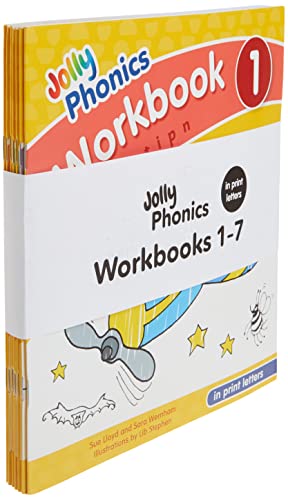 Sara Wernham - Jolly Phonics Workbooks 1-7 - Paperback image 3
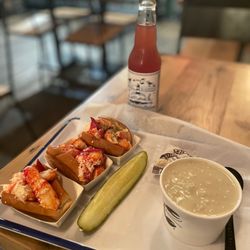 Luke's Lobster Rittenhouse - Lobster Roll Trio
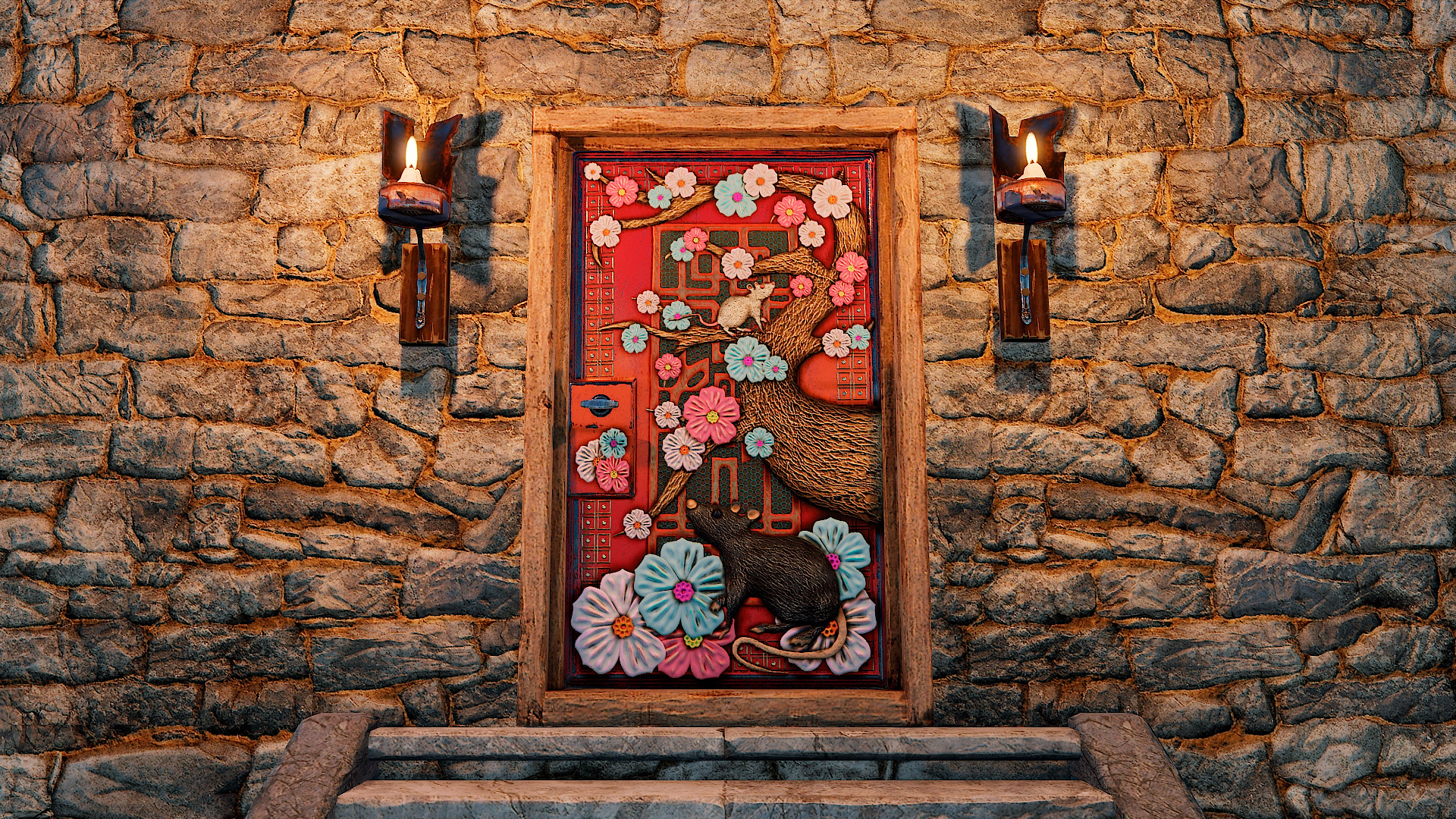Year of the Rat Door thumbnail 4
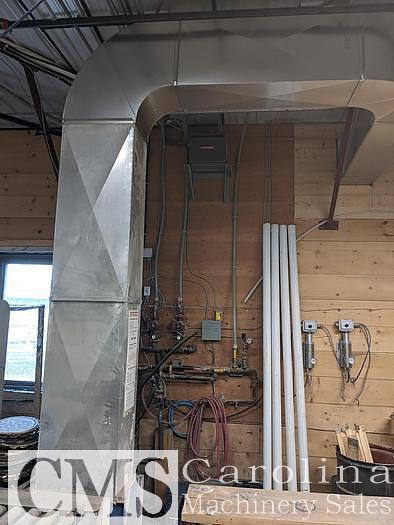 Used Cefla Kleenspray Finishing Line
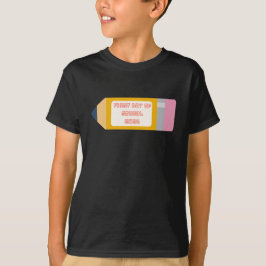CAMISETA PRIMEIRO DIA DE AULA PROFESSORES PAIS ESCOLA
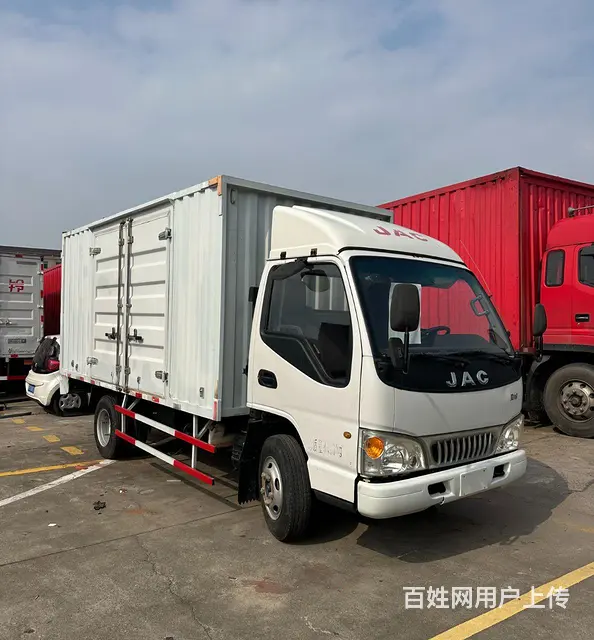 江淮康铃 4米2厢式货车 国4 - 图片 2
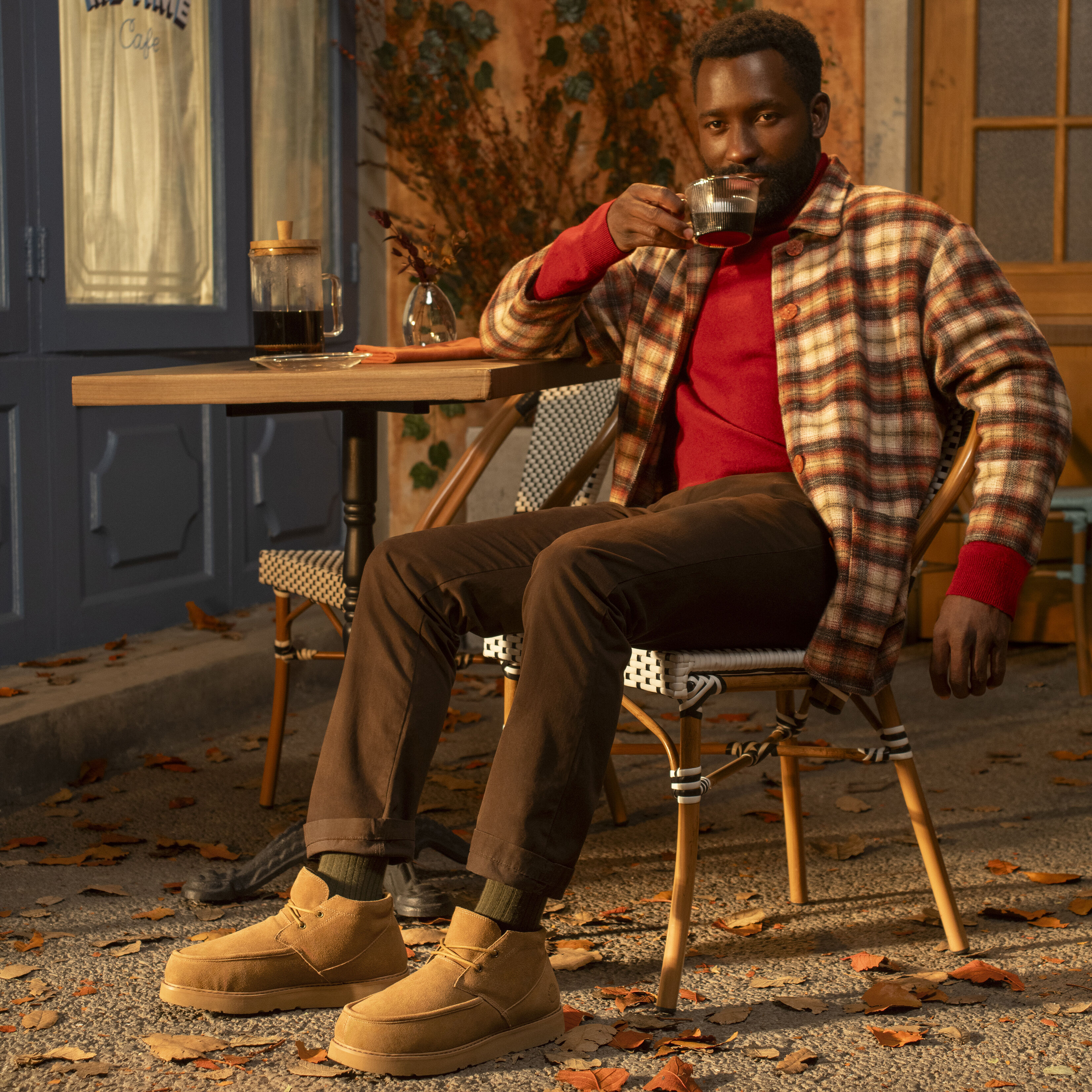 Men's Fireside by Dearfoams Craft Stitch Chukka Boot - Water Resistant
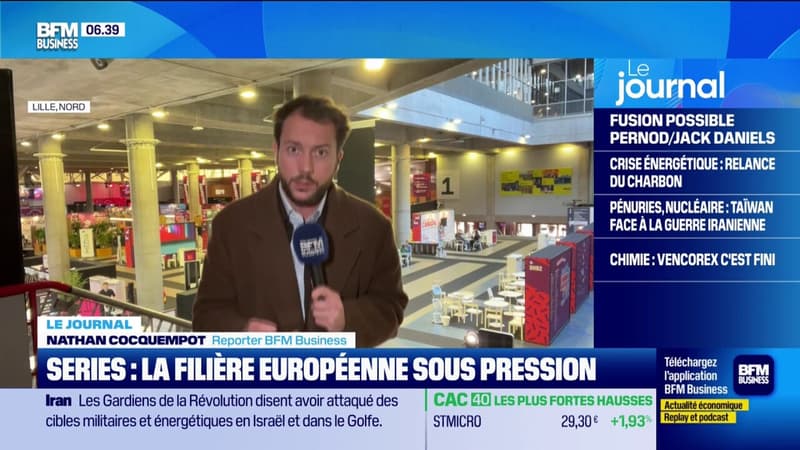 Séries : la filière européenne sous pression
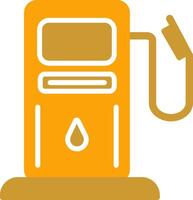 Petrol Pump Vector Icon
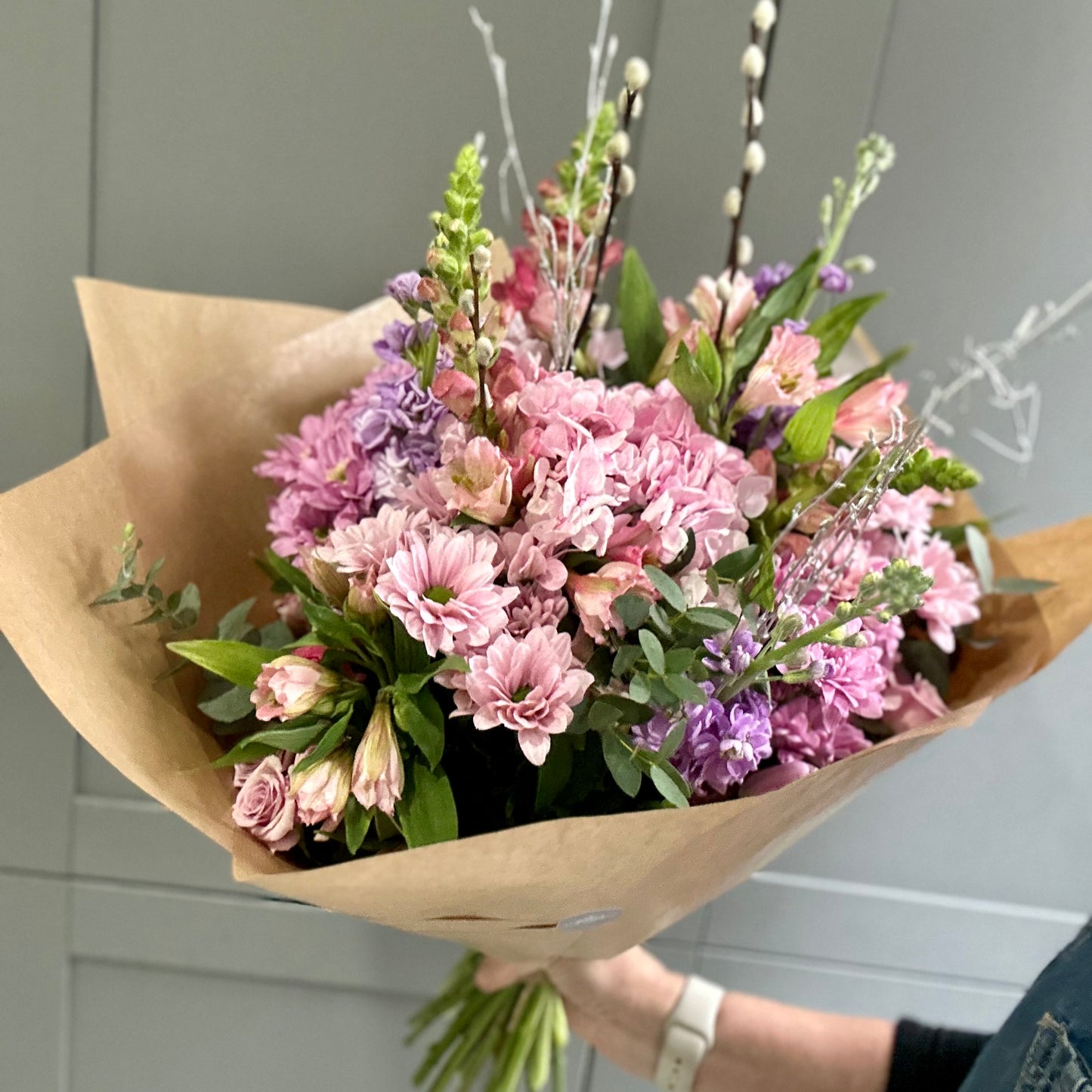 Mothers Day Collection - Hand Tied Bouquet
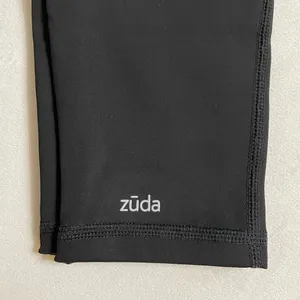 NWOT Zuda Black Bow Tie Leggings Size XXS thumbnail 6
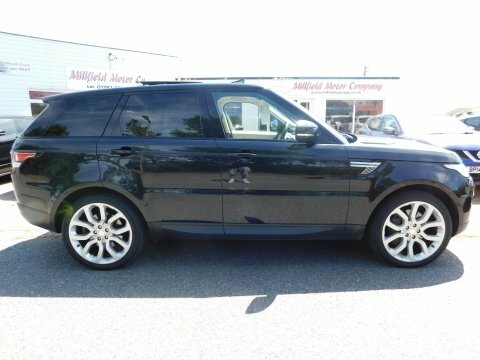 Land Rover Range Rover Sport Sdv6 Hse Black #2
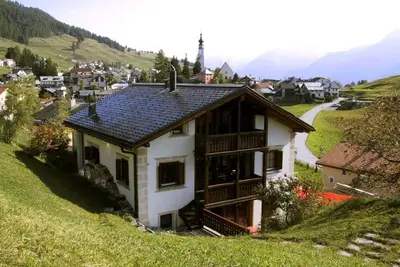 Image de Appartement de vacances Ftan pour 1 - 8 personnes avec 3 chambres à coucher - Appartement de vacance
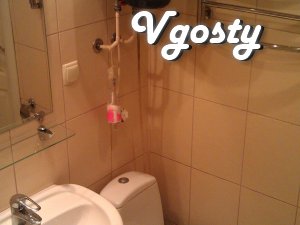 Center. Stylish, high quality, user-friendly. There are all necessary - Apartments for daily rent from owners - Vgosty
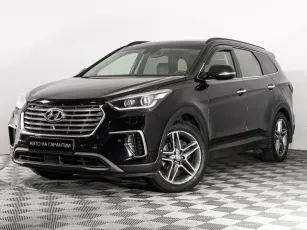 Hyundai Santa Fe,  III Рестайлинг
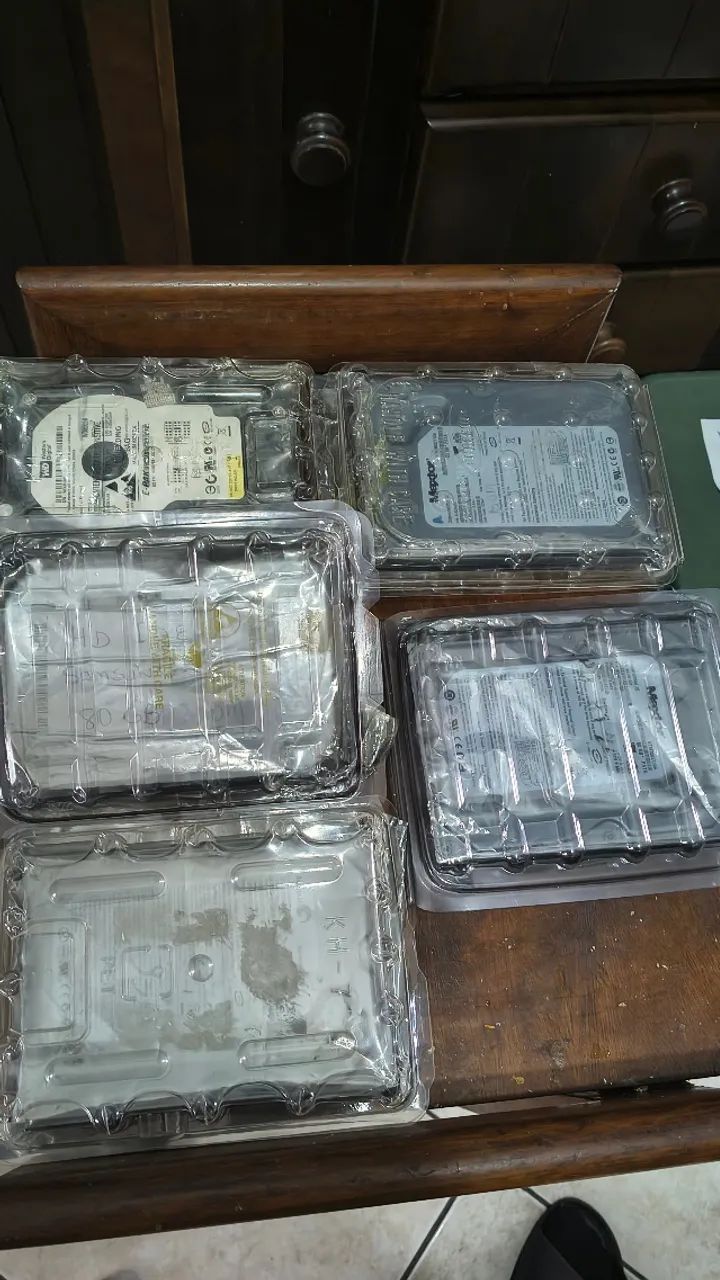 Vendo HDs Ide de 80gb  - Foto 3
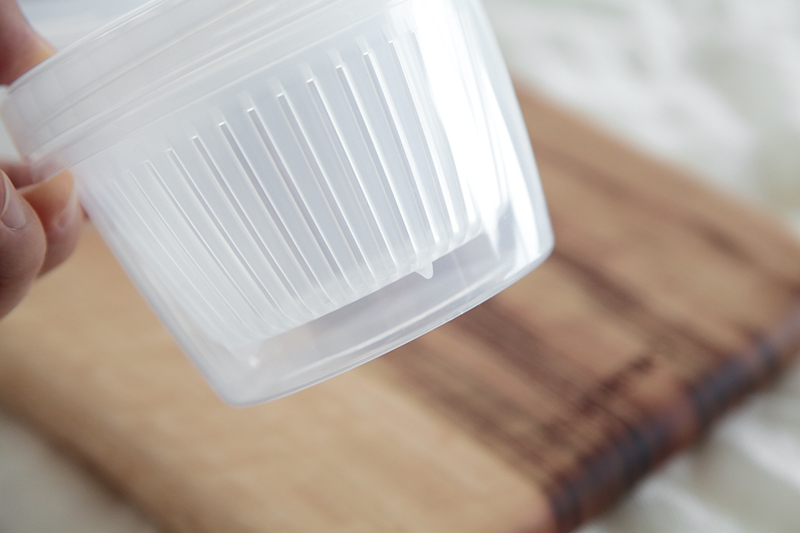 Hộp đựng thực phẩm 2 lớp 500ml dáng tròn Nakaya J000069_thumbnail_5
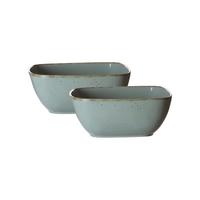SERVIERSCHALEN Casa Blau ø 22 cm 2er Set - Blau, Keramik (22/9/22cm) - Ritzenhoff Breker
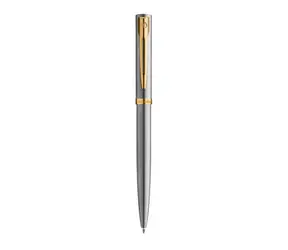 WATERMAN Impression Stainless Steel GT hrot M / guličkové pero / farba náplne: modrá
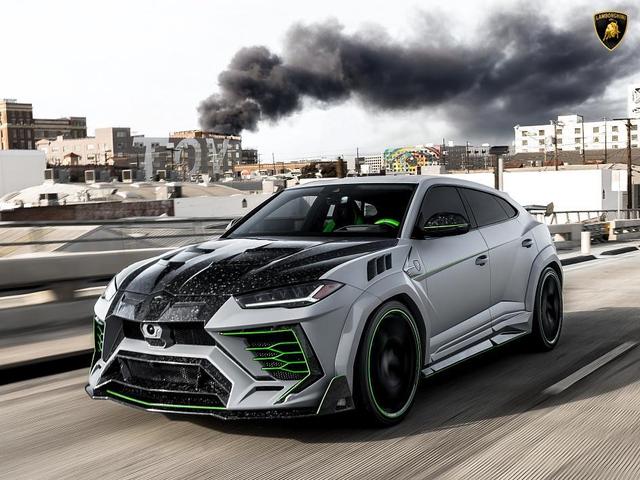 Photo of 2022 Verde Mantis Metallic Lamborghini Urus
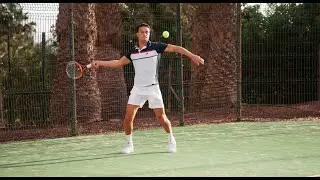 Tennis video - photo session in Fuerteventura, Canary Islands   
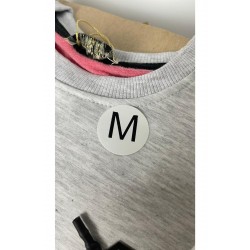 M Beden Etiketi Yuvarlak Yapışkanlı 3x3 cm 150 Adet M Beden Etiketi Yuvarlak Yapışkanlı 3x3 cm 150 Adet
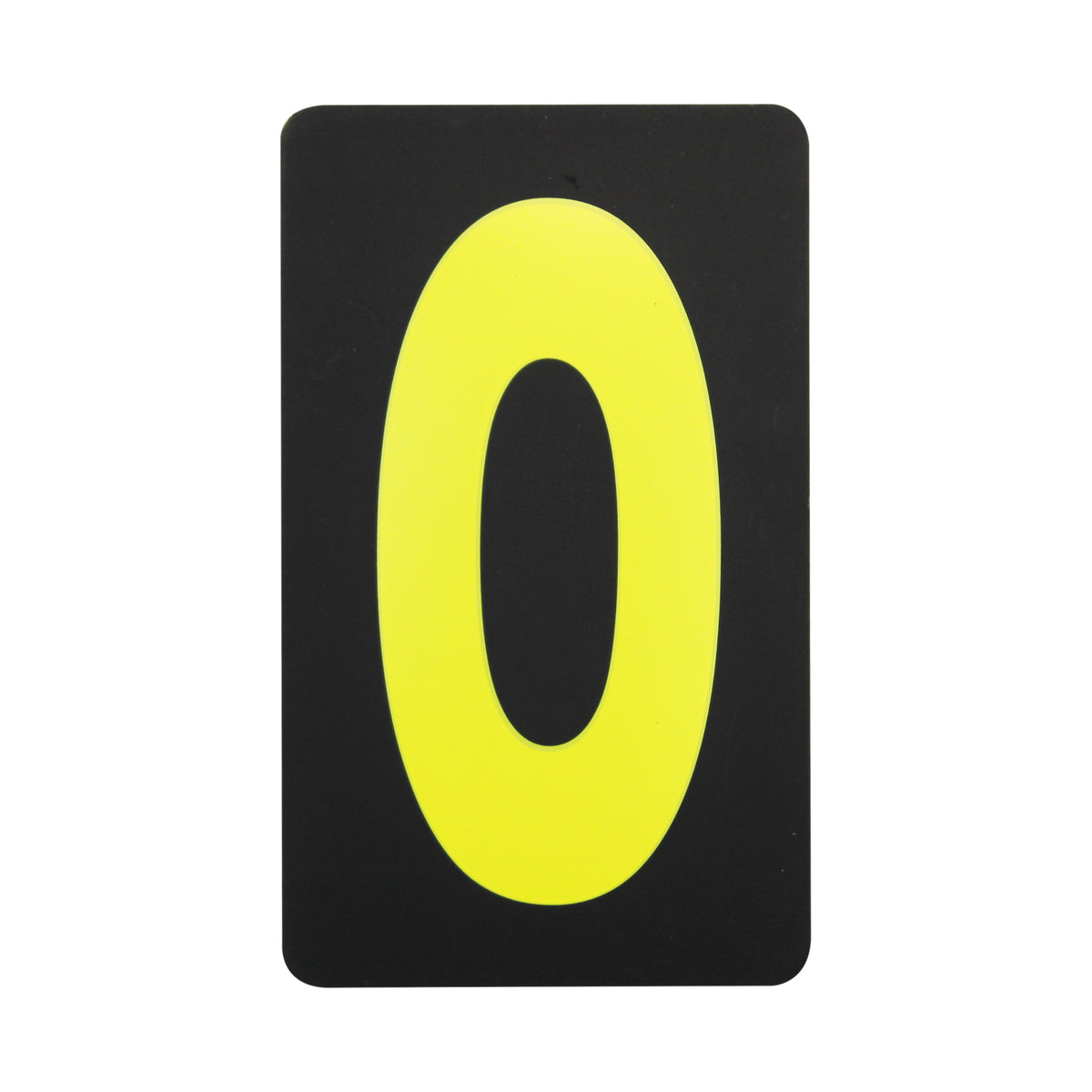 Spare Yellow Letter For BikeTek Pitboard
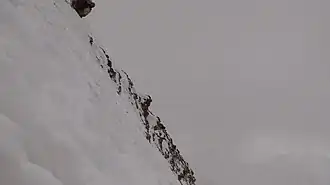 Schlüsselstelle in der Route „Erholung“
——————
What's needed is an exact copy of every entry, free of pictures.

* **WRITTEN REPLY**:
 Sara Wernham - Jolly Phonics Workbooks 1-7 - Paperback image 3
 Luke's Lobster Rittenhouse - Lobster Roll Trio
Year of the Rat Door thumbnail 4
 Used Cefla Kleenspray Finishing Line
CAMISETA PRIMEIRO DIA DE AULA PROFESSORES PAIS ESCOLA
 江淮康铃 4米2厢式货车 国4 - 图片 2
 Men's Fireside by Dearfoams Craft Stitch Chukka Boot - Water Resistant
 Séries : la filière européenne sous pression
 Petrol Pump Vector Icon
 Mothers Day Collection - Hand Tied Bouquet
 NWOT Zuda Black Bow Tie Leggings Size XXS thumbnail 6
 Land Rover Range Rover Sport Sdv6 Hse Black #2
 Image de Appartement de vacances Ftan pour 1 - 8 personnes avec 3 chambres à coucher - Appartement de vacance
 Center. Stylish, high quality, user-friendly. There are all necessary - Apartments for daily rent from owners - Vgosty
 Hyundai Santa Fe,  III Рестайлинг
 Vendo HDs Ide de 80gb  - Foto 3
 Hộp đựng thực phẩm 2 lớp 500ml dáng tròn Nakaya J000069_thumbnail_5
SERVIERSCHALEN Casa Blau ø 22 cm 2er Set - Blau, Keramik (22/9/22cm) - Ritzenhoff Breker
 WATERMAN Impression Stainless Steel GT hrot M / guličkové pero / farba náplne: modrá
 Photo of 2022 Verde Mantis Metallic Lamborghini Urus
 Tennis video - photo session in Fuerteventura, Canary Islands   
 M Beden Etiketi Yuvarlak Yapışkanlı 3x3 cm 150 Adet M Beden Etiketi Yuvarlak Yapışkanlı 3x3 cm 150 Adet
 Spare Yellow Letter For BikeTek Pitboard
 Schlüsselstelle in der Route „Erholung“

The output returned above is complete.